To that end, nearly two years ago, EPA issued “Plan EJ 2014” as a roadmap – not as a rule – to implement the executive order throughout the agency. Specifically, Plan EJ 2014 formally introduced EPA’s priorities of promoting increased public participation in the permitting process and considering more stringent permit conditions. In February of this year, EPA selected two case studies that highlight the agency’s approach to achieving these permitting priorities.
The first case study involved a recent Prevention of Significant Deterioration (PSD) permit for the Pioneer Valley Energy Center, a power plant expected to generate up to 431 MW in Westfield, Massachusetts. From the developers’ filing of the permit application in November 2008 through EPA’s issuing of the final permit in April 2012, Region 1 incorporated what it has described as environmental justice into this permitting process by providing enhanced public engagement opportunities and including more stringent conditions in the permit. These stricter conditions were aimed at limiting the applicant’s ability to burn ultra-low sulfur diesel for testing of its emergency generator when air quality would already be diminished.
The second case study involved a National Pollutant Discharge Elimination System (NPDES) general permit for oil and gas exploration in Cook Inlet, Alaska. Even as this permit has evolved over time, now with federal and state authority split, the subject conditions have been based on environmental justice considerations dating back to 2006-2007. In the permit’s 2007 iteration, Region 10 incorporated environmental justice into this permitting process by collecting and considering tribal traditional knowledge about the effects of development and by imposing more restrictive permit conditions. These conditions imposed new monitoring requirements, extended the area where discharges were prohibited for all sources from 1,000 to 4,000 meters from sensitive coastal areas, and explicitly did not authorize several types of drilling discharges for new sources.
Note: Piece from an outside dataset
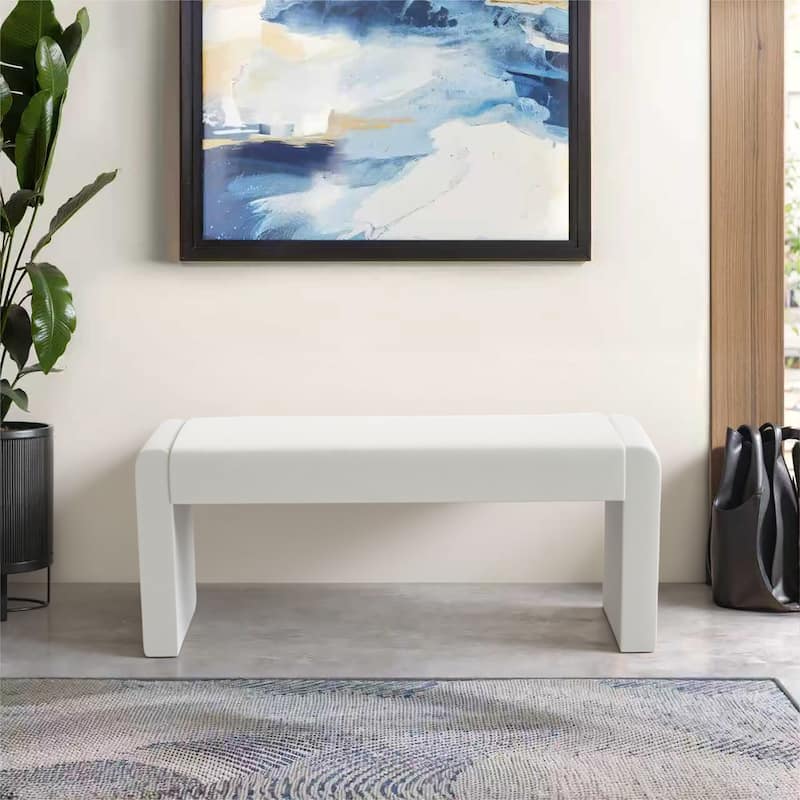 Velvet/Faux Leather Entryway Bench End of Bed Bench Upholstered Modern Window Bench for Dining Room/Bedroom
There are two striking facets of these case studies. First, even as EPA found no disproportionate adverse effect on minority populations, low-income populations, or tribal populations, EPA still included somewhat more restrictive permit conditions based upon environmental justice considerations. Second, the imposed conditions do not appear to be particularly onerous – perhaps explaining why the permittees did not challenge the additional restrictions. Opinions vary as to the impact of these “EJ conditions” on the permitting process, as EPA likely could have imposed these restrictions under existing statutes and regulations without any reference to environmental justice.
Nevertheless, EPA seems to be testing the limits of its authority and telegraphing its intent to continue these efforts. Consequently, practitioners and permit applicants should be wary of EPA seeking to impose potentially unnecessary conditions based upon environmental justice.